You can pursue compensation for lost wages from the person who caused the accident. The amount, however, will be paid to you at the end of the case, as part of a lump sum settlement. What do you do in the meantime? You do have options. If you did not carry separate private disability insurance, you may be entitled to compensation prior to the end of the case. The California State Disability Insurance (SDI) is a partial wage-replacement plan for California workers provided by the State of California Employment Development Department (EDD). The program is state-mandated and funded through employee payroll deductions. SDI provides short-term benefits to eligible workers. Workers covered by SDI are covered by two benefits: Disability and Paid Family Leave. There are a number of requirements, but the following are some of the main ones:
- You must be unable to do your regular or customary work for at least eight consecutive days.
- You must be employed or actively looking for work at the time you become disabled.
- You must have lost wages because of your disability or, if unemployed, have been actively looking for work.
- You must have earned at least $300 from which State Disability Insurance (SDI) deductions were withheld during a previous period.
For claims beginning on or after Jan. 1, 2014, weekly benefits range from $50 to a maximum of $1,075.

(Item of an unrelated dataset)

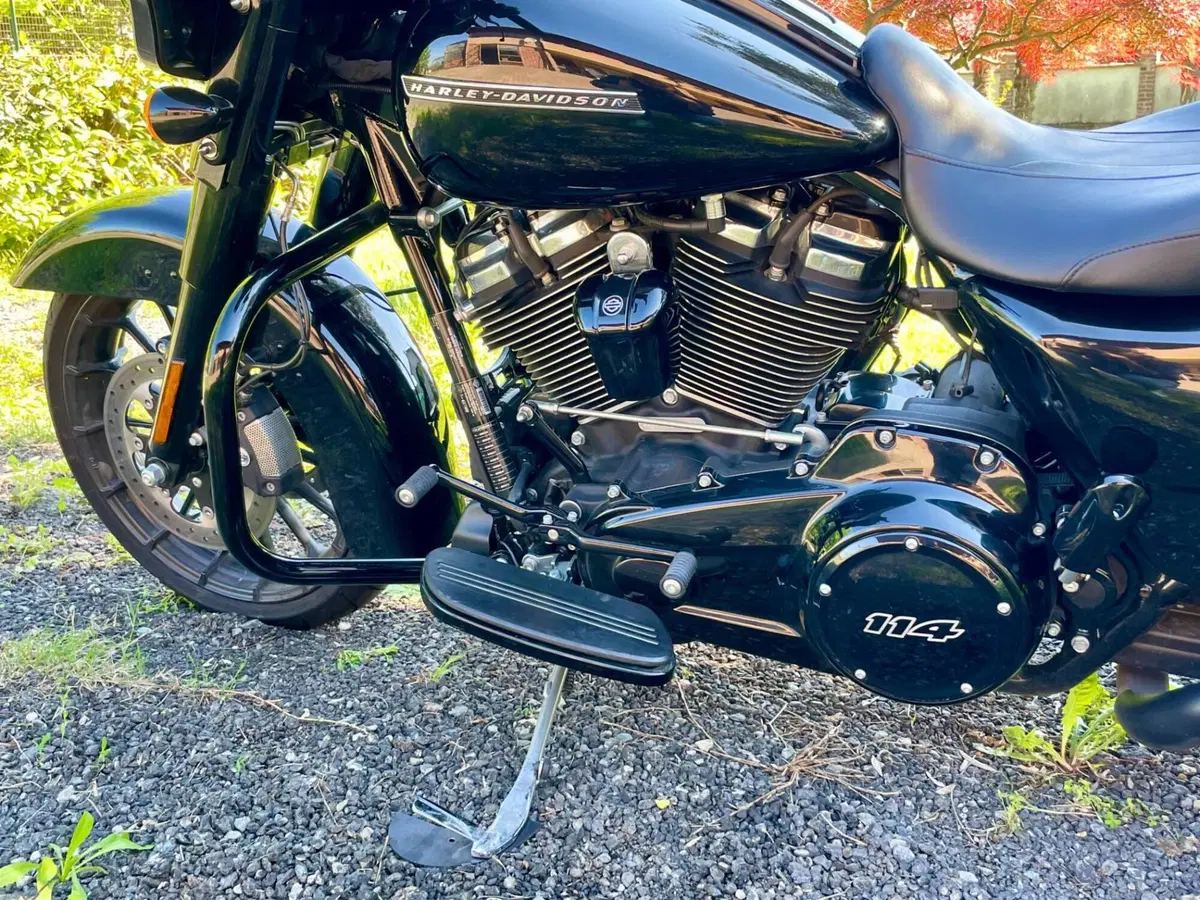 Harley-Davidson 107 Street Glide Special (2017 - 19) - FLHXS (7)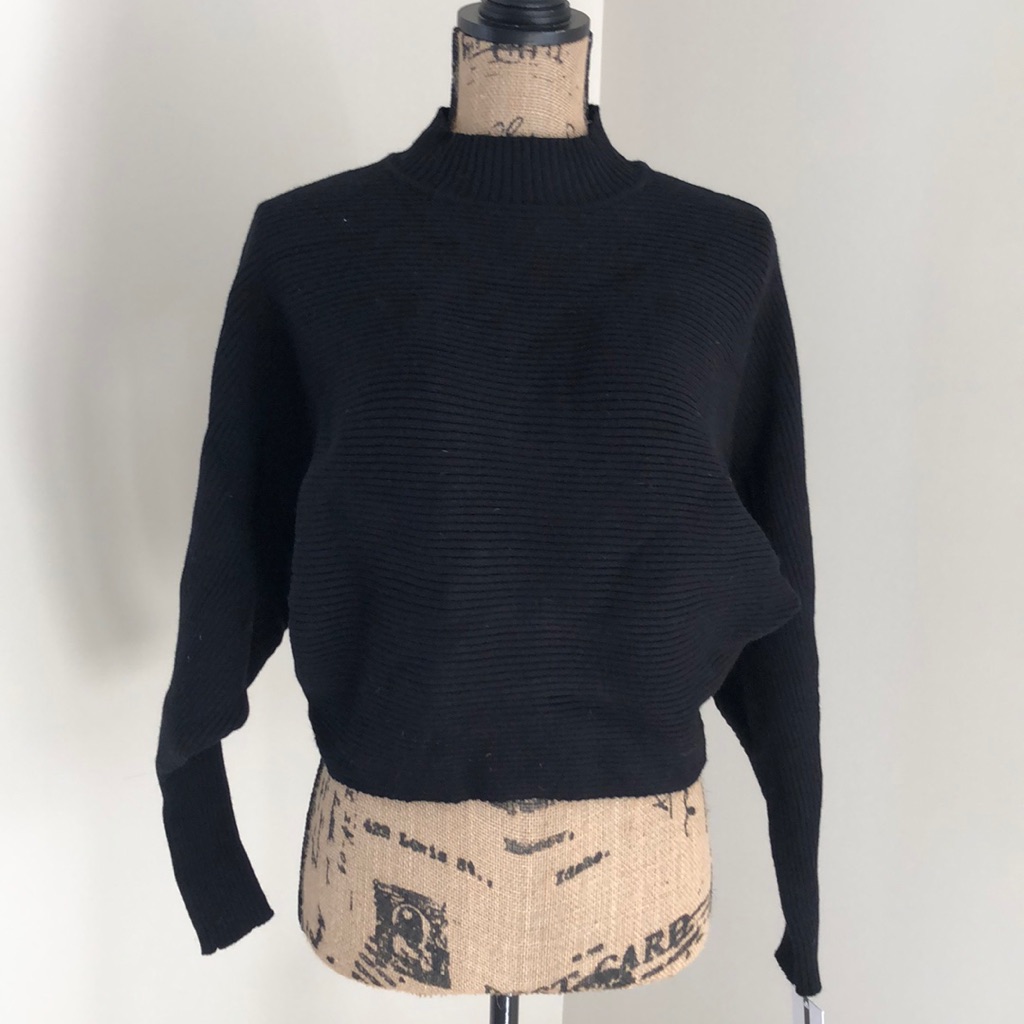 Nwt Goodnight Macaroon Blk Ribbed Batwing Sweater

An individual’s weekly benefit amount is approximately 55 percent of his or her earnings up to the maximum weekly benefit amount. He or she may receive up to 52 weeks worth of Disability Insurance (DI) benefits. The daily benefit amount is calculated by dividing an individual’s weekly benefit amount by seven. The maximum benefit amount is calculated by multiplying an individual’s weekly benefit amount by 52 or adding the total wages subject to State Disability Insurance (SDI) tax paid in an individual’s base period, whichever is less.